Managua, Nicaragua: Parishioners holding vigil at a church to pray for detained foes of President Daniel Ortega came under attack from supporters of the government on Thursday. The attackers used clubs, machetes, and metal bars in a Nov. 21 attack at a church in Masaya, about 20 miles southeast of Nicaragua’s capital of Managua. “They came with pipes and machetes, they beat the altar boys and a woman and they had us surrounded in here,” said Father Harving Madina, parish priest of Masaya’s San Juan Bautista Church, the Associated Press reports.
Madina and parishioners at San Juan Bautista had planned to march a few blocks to a nearby church, San Miguel, which is surrounded by pro-government groups. The march was intended to show support for its priest and parishioners on hunger strike seeking the release of relatives they say are political prisoners.
Their relatives were detained during protests against Nicaragua’s President Daniel Ortega. A hostile group surrounded San Juan Bautista church as Mass was being celebrated, Father Madina said. The group tried to break through the doors as priests and parishioners used pews to barricade the entrance.

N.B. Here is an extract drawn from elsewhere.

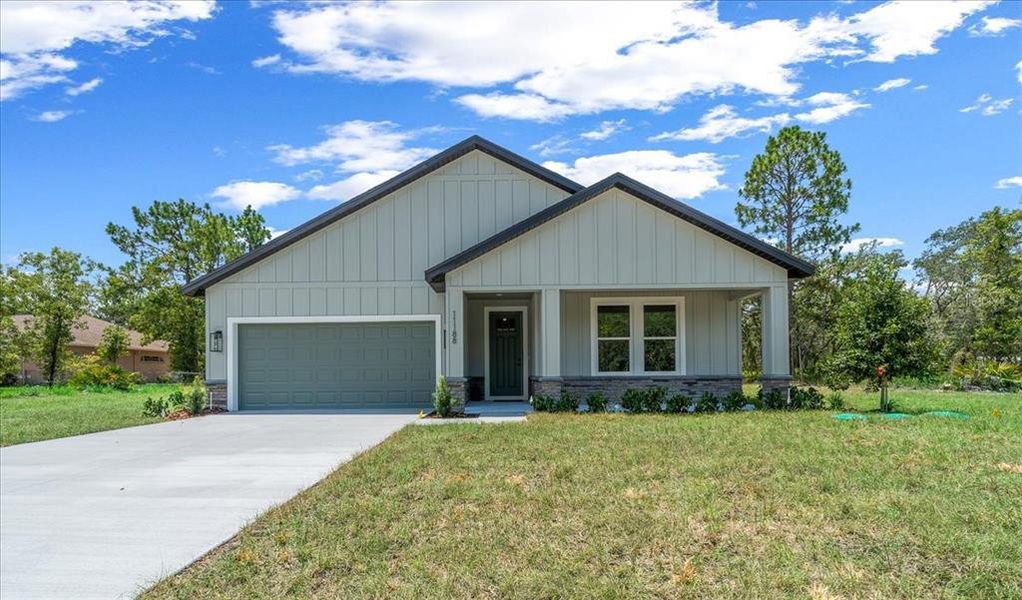 Front exterior of a new home in , Weeki Wachee, FL, highlighting curb appeal (Image 36). Front exterior of a new home in , Weeki Wachee, FL, highlighting curb appeal (Image 36).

One 50-year-old parishioner who tried to stop the assailants was beaten by several people who then handed him over to onlooking police, who did not intervene during the disturbance. Anti-government protests in Nicaragua began in April 2018. The crackdown from security forces and pro-government militias resulted in more than 320 deaths last year, with 2,000 injured and tens of thousands fleeing the country as refugees. Modest pension reforms triggered the unrest but protests quickly turned to objections to what critics said was Ortega’s authoritarian bent.